At Any Price(2)
“I’ve already got e-mails in to the top bidders.”
My brows shot up. That was quick. It wasn’t really like him to be so Johnny-on-the-spot like this. Heath—my best friend since the eighth grade and a surrogate older brother even if only by six months—was always this protective. When I’d showed him the Virgin Manifesto post about to go up on my blog, he’d freaked.
Fortunately, he calmed down and demanded to have control over the result. It was the compromise I had to put up with in exchange for his help and I knew I could trust him. Heath was the only man on this planet whom I did trust, actually.
We said good-bye and I closed my browser with a decisive click. I was sure my blog readers would demand a recap of the auction results tomorrow. This whole thing had gone semi-viral within the online community of gamers, and even beyond—Huffington Post, Jezebel, even Twitter. I squeezed my eyes closed, dreading the thought of writing that post. The readers would want answers and I didn’t have any. Not yet, anyway.
Regardless, there’d been complaints for the past few weeks that the auction had interfered with my regular posts. After all, it was a gaming blog, for God’s sake!
During the auction hoopla, most of my male readers had apparently come to the consensus that I rated an eight or higher. My opinion was probably closer to a solid six. But gamer dudes weren’t usually too picky when it came to women in our community. The main requirements were that a woman was breathing and had reasonably-sized breasts. As a girl gamer, if you stuck your nametag across your cleavage at Comic-Con, you were likely to never have them meet your gaze.
With shaky hands, I went about the next few hours in a haze. I made some tea from the small box of expensive Orange Pekoe—my favorite. I allowed myself the treat because it was a special occasion and I vowed to reuse the bag for breakfast in the morning. Nowadays, I had to enact cost measures like that. My scholarship money had dwindled and expenses were barely being covered by the ads on my blog and my part-time orderly job at the hospital.
The auction idea had spawned from that necessity, despite the “high ideals” of the Virginity Manifesto. I honestly had posted it to open the conversation on reclaiming the age-old tradition of profiting from a woman’s purity. And yes, I’d wanted to make a statement about the value of my virginity being used for my own gain. I firmly believed in those ideals but my number one motivation was money, security. After using most of my loan money to help Mom with her medical bills, I had nothing saved up for medical school.
My only option was to hock my future completely by weighing it down under the burden of impossibly huge student loans. Did I really want to graduate medical school and go into three years of residency and throw in an oncology fellowship on top of that?

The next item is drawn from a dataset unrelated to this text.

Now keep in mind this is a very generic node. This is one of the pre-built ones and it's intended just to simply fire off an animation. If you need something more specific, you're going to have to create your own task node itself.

I slipped an ice cube into the piping hot cup of tea and sipped at it while I broke out my study guides for the Medical College Admission Test (MCAT) with that same sinking feeling that accompanied my study sessions of late. I’d started out this year so hopeful that, with a retake, I could improve my abysmal score of the previous year. But as time had passed, it grew harder and harder to be optimistic.
The test was a little over three months away and there was still so much to review. With a deep breath I dug in and went over the topics for this week: hydrocarbons and oxygen-containing compounds. I checked the clock. I was due to meet Jon at the library for still more studying this evening. The group study would be the next day and, as always, I wanted to be ahead. If I didn’t walk in to that session extra-prepared, I always felt as if I was making a fool out of myself.
So I got to work.
***
That night, I met Jon at the university library at our usual study carrel. And truthfully, I was grateful for the distraction from my mind’s unswerving preoccupation with the auction.
“So?” Jon said as I settled into my usual chair.
I scrunched my brows at him. “What?”
“Can you come?” He looked at me with his pleading baby blues.
Jon and I had met during the previous year of premed at Chapman University. He’d transferred from one of the high-and-mighty Ivy Leagues. I never did get the full story on what happened there. It wasn’t like he was saving money by going to Chapman, a private university with a steep price tag.
My undergraduate tuition had been covered by my academic scholarship and I had worked extra hard to finish the requirements for graduation in three and a half years instead of the usual four, so this last semester was dedicated to work and study. If I didn’t improve my MCAT score, this would all be for naught and I’d be looking for something else to do with my BS in biology.